- _WHAT TO WORK ON_
What lines in this listing contain the string "sale"? Report each one by copying it.
'''
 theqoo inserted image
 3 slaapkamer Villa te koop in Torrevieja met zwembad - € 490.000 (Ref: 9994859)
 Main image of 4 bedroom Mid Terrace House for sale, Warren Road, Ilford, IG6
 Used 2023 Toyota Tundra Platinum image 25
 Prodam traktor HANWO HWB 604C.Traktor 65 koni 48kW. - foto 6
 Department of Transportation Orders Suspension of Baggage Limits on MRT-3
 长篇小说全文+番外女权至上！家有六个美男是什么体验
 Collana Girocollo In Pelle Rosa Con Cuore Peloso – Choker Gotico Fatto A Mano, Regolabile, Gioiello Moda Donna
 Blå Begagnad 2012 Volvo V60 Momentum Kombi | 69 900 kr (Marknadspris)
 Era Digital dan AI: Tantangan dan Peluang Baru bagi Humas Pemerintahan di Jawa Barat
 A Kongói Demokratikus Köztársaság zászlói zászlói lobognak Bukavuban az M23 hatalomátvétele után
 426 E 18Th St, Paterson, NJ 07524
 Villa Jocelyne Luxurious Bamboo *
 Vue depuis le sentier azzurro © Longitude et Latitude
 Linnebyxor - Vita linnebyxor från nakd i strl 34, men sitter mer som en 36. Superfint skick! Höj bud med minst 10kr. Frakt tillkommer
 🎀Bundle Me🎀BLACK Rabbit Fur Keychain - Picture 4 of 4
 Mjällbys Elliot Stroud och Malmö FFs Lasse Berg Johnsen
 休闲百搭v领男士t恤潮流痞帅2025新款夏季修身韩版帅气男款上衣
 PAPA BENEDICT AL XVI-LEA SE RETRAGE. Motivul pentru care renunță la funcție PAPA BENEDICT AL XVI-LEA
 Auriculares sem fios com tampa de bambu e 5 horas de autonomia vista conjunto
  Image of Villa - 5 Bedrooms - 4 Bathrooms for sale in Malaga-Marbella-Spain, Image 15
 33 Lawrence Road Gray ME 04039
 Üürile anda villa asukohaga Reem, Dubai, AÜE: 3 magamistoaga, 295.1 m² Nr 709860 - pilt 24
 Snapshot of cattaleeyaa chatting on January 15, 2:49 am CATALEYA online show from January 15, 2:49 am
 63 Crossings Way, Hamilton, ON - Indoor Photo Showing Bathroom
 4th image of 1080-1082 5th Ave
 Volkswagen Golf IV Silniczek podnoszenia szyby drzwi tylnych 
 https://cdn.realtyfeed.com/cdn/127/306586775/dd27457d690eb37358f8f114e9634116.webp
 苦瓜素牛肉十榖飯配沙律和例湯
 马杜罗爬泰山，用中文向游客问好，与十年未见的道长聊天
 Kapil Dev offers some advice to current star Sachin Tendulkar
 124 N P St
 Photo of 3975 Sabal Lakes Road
'''
- _TASK SOLUTION_
 Main image of 4 bedroom Mid Terrace House for sale, Warren Road, Ilford, IG6
  Image of Villa - 5 Bedrooms - 4 Bathrooms for sale in Malaga-Marbella-Spain, Image 15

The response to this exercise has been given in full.